Are you in the waiting?
I read an inspirational page of my devotion this morning & wanted to share it.
I read about Abraham & Sarah waiting for a baby, waiting for the beginning of this giant nation that the Lord had so often spoke about. I read about Sarah not feeling sure of God's plan and trying to make her own way. I read about how that rushing, on her part, caused a rift between her & her servant, Hagar (that is still carried out today in the descendants of those two sons). I read about how these people were all acting in their season of waiting.
I feel like I've read so many articles on seasons of wait, of mothers waiting, of father's waiting, teenagers waiting, elders waiting, missionaries waiting. I've read of those with a heart for something just waiting for the open door. So much waiting. Today's read, though, finally (finally!) got me to start thinking not just about what we are waiting for, but the waiting, itself. I thought, if God has us waiting, there has got to be a reason WHY. He does not have us do something just to do it, He is so much more than that. So, I concluded that the wait itself, must mean something; and then I read the following:
One of the authors wrote about how for 20 years she trudged along in the seemingly unimportant tasks of preparing meals, cleaning house & doing laundry.
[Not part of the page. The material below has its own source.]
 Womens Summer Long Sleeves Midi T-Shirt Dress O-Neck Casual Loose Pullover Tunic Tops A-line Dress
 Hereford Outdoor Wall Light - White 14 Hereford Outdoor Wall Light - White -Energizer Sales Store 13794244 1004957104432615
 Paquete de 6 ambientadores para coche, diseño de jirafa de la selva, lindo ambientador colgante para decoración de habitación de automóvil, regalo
She had a husband who had a big job that she often envied because of all the opportunities & adventure he got to explore, and she just felt stuck - waiting. Then she thought the same thing, God must be using this for something. She writes that in that time"God was constantly training me, helping me to be aware of my negative attitudes & showing me where He wanted me to change". She also writes that her attitude at the present moment is what God was most interested in, and if we don't deal with that, how can we be of use to Him going forward?
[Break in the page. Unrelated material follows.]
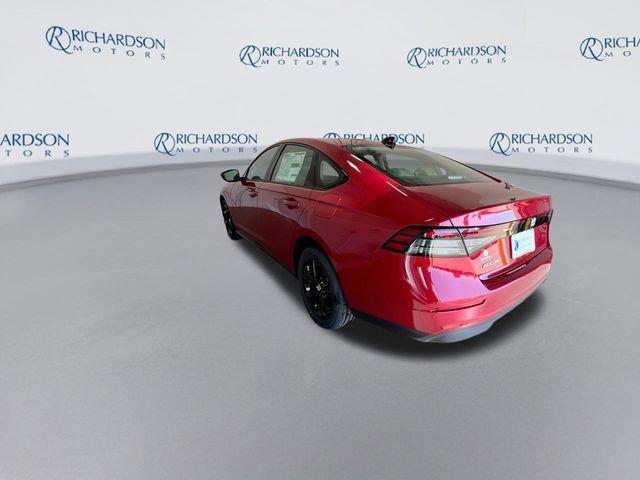 new 2025 Honda Accord car, priced at $29,755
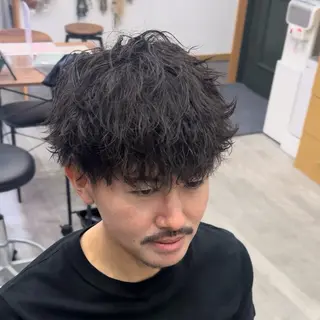パーマ メンズ ＆tigre 佐藤秀太のヘアスタイル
I'm so sure God wanted to me to hear this today (this topic was even the exact one that was scheduled for today's date in a little e-devotional I read to Jake in the mornings). I know there is a sense of waiting in my life, especially with my music. I have a job as a mother that I take on with such joy & excitement, and all the while, part of me is in the waiting for the next step in my career, especially with a studio & producer in Nashville just waiting for my word to move. These two things lay, parallel to each other, and yet I can often only be on one plain.
Waking up everyday & choosing to school my sweet boy, choosing to make breakfast with joy, to go to swimming lessons, to play Lego, to teach my son about God's beautiful grace & wonderful faithfulness - those are my tasks today. Not to say that motherhood is simply something to be finished with before I move onto the next step in my career - not at all - but to highlight that what I do & how I act in the waiting, what I do in the midst of the dishes, the drop-offs & the laundry loads, is just as important as what I do when I get to what I'm waiting for. To God, they're no different.
One thing I know, is that, without a fire, we can't be refined, and I don't think the fire always looks like a painful, awful, obvious circumstance. I think sometimes, our refining fire is a slow burn, a wait for the next thing, for the thing that we want, sometimes more than we even want God. What can we do IN that wait?
What I took away from what I read this morning is to let God use the waiting period, the time that we often discard as just the "in-between", to shape & grow me. I want to thank Him for time to mature, for knowing me well enough to know that I NEED to wait for this next thing, I need to change before it comes, for knowing me well enough to know that I may not even be ready for the next thing, yet. I pray that I can be wise with this precious time, this precious wait.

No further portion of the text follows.